Until suddenly I understood: This is a documentary we’re watching. It’s a fake documentary (not a mockumentary, which parodies for comedy), but a documentary nonetheless, of the stunted lives of a certain subclass of suburbanites, as depicted here by this representative (fictional) sample. The “little children” are the childlike adults who act heedlessly and (almost) suffer consequences. And in the end, they are transformed into grownups: One stays with his mate, while the other grabs up her child and apologizes.
Except….
It would seem that each remains in what has been presented as an unbearable situation. Sarah is seen back at home clutching the child she hadn’t loved, in the home of the husband she disdains; her lover is being tended by the wife who insists upon a future in the legal profession that doesn’t interest him. So our choice would seem to be: act like children and be happy but careless and irresponsible; or sacrifice happiness and live as an indentured servant to adulthood. This is a barren decision tree.
It’s odd to sit through two-and-a-half hours of a film, love every moment of it, marvel at its wit and grace, and come away having really no idea what sort of statement it is trying to make. “Little Children” is a literary film, finally inferior to the director’s previous film, “In the Bedroom” (which also investigated moral ambiguities with regard to parental response), and as such is a treat in a calendar generally full of explosions and Tom Cruise. Literature as practiced in the past 100 years asks more questions than it answers, and this film is of a piece with that new tradition. But in a way it cheats: By offering only one (bad) answer, it refutes the breadth of experience the rest of the film endorses.
January 16th, 2007 at 10:08 am
Confession: I haven’t seen the film, but I’ve seen it. It’s called American Beauty and it’s called the same ol’ retread of the “suburbs will snuff out your dreams” because who would want to live within those conventions and, more importantly, expectations when you could be a filmmaker out here living wild and free and look down your nose at all of that. Sigh. Yawn. Hell, give me a Tom Cruise explosion film over that tired dead end, thanks.

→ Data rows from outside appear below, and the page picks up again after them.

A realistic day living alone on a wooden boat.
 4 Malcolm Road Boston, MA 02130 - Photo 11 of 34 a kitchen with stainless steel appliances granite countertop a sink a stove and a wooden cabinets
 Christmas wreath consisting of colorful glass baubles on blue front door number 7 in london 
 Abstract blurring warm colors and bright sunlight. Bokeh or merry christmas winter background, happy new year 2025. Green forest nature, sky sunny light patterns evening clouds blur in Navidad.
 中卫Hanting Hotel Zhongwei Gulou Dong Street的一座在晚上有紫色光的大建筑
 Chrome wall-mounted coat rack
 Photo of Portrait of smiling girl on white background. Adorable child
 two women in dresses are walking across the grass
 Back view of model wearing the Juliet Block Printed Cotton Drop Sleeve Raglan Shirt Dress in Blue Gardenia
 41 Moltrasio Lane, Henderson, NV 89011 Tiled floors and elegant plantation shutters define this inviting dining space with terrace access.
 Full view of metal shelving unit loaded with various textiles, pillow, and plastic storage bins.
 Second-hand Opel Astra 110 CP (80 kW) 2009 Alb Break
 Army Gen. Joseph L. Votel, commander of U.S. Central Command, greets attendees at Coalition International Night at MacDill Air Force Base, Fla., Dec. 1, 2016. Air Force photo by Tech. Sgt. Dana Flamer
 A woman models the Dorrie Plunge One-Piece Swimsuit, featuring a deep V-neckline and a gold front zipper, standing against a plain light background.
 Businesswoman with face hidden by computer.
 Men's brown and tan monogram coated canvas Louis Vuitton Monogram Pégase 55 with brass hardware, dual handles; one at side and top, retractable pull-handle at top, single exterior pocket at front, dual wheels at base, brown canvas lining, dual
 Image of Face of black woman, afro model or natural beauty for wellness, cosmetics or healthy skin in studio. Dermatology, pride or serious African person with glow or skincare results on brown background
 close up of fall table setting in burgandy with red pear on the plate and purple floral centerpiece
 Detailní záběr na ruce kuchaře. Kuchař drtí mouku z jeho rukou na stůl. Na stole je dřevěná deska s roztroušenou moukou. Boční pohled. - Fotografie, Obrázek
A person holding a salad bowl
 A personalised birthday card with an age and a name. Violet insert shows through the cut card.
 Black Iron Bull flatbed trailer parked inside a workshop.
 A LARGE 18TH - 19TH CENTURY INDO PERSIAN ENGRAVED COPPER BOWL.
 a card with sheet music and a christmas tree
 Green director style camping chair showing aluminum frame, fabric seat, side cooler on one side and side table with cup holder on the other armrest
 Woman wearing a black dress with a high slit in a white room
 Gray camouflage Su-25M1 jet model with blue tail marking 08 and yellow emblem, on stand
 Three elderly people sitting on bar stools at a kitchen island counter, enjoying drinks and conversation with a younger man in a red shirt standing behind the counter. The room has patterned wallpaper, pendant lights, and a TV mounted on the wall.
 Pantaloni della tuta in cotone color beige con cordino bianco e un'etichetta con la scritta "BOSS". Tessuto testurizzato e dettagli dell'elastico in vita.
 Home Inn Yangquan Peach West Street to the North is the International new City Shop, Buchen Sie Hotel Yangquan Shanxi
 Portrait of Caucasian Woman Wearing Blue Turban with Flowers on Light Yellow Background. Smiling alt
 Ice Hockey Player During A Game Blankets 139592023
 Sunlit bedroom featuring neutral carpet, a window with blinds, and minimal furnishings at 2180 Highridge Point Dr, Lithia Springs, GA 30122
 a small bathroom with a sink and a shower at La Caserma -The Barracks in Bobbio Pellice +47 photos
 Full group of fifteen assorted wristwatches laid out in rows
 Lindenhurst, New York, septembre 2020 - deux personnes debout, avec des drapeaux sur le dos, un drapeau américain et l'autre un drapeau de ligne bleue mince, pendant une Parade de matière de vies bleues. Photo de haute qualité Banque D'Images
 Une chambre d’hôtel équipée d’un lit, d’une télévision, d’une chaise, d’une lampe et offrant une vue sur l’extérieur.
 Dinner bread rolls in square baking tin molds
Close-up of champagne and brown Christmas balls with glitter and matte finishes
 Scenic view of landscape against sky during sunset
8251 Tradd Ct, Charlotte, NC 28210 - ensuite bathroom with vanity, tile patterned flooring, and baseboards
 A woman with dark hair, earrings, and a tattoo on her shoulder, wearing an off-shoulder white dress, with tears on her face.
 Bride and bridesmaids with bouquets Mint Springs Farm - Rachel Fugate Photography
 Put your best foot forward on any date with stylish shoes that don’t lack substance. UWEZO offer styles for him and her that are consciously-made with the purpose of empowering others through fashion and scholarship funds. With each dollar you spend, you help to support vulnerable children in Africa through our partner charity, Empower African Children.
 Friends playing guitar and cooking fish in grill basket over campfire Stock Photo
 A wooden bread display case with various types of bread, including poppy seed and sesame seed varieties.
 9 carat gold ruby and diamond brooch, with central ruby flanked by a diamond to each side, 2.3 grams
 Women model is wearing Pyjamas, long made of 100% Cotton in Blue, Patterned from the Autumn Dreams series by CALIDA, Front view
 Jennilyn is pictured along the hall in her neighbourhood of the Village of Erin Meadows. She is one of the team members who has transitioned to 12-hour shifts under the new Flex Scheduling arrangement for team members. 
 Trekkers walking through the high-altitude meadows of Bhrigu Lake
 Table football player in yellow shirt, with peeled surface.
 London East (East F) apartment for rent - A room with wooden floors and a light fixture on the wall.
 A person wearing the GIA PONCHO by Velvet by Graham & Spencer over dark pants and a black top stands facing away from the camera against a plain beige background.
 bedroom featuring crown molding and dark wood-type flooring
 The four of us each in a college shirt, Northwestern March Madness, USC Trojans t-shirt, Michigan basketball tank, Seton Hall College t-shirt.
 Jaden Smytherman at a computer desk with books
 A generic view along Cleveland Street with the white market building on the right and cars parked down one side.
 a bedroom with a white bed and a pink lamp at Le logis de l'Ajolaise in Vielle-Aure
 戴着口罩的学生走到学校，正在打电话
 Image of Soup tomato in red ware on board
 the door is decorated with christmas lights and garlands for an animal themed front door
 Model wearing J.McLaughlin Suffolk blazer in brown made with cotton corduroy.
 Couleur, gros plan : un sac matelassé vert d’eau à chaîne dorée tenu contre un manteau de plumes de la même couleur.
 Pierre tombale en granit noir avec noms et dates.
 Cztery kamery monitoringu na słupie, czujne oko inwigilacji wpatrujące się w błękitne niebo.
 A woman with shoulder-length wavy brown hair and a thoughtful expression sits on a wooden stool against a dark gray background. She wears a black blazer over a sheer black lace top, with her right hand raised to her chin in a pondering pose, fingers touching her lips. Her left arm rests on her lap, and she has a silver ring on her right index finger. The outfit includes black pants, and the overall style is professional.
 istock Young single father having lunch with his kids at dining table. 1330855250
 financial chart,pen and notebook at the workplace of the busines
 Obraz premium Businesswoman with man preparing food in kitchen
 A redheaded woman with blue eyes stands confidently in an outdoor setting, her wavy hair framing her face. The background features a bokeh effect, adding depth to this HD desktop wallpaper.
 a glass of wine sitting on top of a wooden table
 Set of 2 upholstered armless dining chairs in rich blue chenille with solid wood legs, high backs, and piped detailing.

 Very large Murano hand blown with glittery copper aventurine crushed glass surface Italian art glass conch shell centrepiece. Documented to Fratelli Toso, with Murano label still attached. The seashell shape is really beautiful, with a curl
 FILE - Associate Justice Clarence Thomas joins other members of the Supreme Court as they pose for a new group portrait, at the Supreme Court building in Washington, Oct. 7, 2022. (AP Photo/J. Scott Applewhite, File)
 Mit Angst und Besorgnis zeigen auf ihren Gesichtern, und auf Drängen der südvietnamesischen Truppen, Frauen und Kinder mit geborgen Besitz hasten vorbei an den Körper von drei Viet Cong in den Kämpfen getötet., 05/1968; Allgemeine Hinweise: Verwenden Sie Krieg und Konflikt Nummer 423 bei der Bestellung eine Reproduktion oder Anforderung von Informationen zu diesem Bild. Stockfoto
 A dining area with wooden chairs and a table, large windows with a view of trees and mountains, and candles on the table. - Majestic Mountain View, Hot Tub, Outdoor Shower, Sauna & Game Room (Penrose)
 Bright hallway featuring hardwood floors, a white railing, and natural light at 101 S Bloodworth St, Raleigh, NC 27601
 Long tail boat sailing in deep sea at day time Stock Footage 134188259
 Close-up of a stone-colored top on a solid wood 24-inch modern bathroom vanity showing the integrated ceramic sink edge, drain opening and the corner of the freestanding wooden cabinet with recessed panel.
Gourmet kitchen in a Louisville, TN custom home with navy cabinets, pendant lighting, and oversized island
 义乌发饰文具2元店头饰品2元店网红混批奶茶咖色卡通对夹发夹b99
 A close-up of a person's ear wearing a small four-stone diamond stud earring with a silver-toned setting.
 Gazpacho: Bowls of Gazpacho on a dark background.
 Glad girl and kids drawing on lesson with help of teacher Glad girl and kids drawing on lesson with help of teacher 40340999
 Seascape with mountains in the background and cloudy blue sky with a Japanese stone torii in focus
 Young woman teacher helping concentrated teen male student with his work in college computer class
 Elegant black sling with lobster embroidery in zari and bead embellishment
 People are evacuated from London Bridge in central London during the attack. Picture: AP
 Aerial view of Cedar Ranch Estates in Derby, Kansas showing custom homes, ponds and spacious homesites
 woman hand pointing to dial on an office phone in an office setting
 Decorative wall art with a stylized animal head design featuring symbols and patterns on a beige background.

January 16th, 2007 at 10:31 am
If the explosion would be OF Tom Cruise, I would be doubly happy.
January 16th, 2007 at 6:34 pm
I think one thing that made you think about the choices presented as being bad is that you and most of the people you associate yourself with are adults but have not chosen to “grow up” completely. We have responsibilities but also allow ourselves to have fun and take ourselves too seriously.